**What to produce:**
What follows is data; output all of it exactly as given.

**Web page caption snippets:**
+ + +

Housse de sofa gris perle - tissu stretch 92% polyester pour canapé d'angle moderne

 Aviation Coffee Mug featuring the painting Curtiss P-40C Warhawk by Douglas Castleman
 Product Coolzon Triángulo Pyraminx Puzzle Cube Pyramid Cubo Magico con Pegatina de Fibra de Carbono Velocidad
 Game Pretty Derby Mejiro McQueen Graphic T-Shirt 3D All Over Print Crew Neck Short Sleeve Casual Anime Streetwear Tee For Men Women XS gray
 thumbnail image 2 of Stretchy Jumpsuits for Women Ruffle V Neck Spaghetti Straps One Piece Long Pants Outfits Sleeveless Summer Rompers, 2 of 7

+ + +

**Solution for this problem:**
Housse de sofa gris perle - tissu stretch 92% polyester pour canapé d'angle moderne

 Aviation Coffee Mug featuring the painting Curtiss P-40C Warhawk by Douglas Castleman
 Product Coolzon Triángulo Pyraminx Puzzle Cube Pyramid Cubo Magico con Pegatina de Fibra de Carbono Velocidad
 Game Pretty Derby Mejiro McQueen Graphic T-Shirt 3D All Over Print Crew Neck Short Sleeve Casual Anime Streetwear Tee For Men Women XS gray
 thumbnail image 2 of Stretchy Jumpsuits for Women Ruffle V Neck Spaghetti Straps One Piece Long Pants Outfits Sleeveless Summer Rompers, 2 of 7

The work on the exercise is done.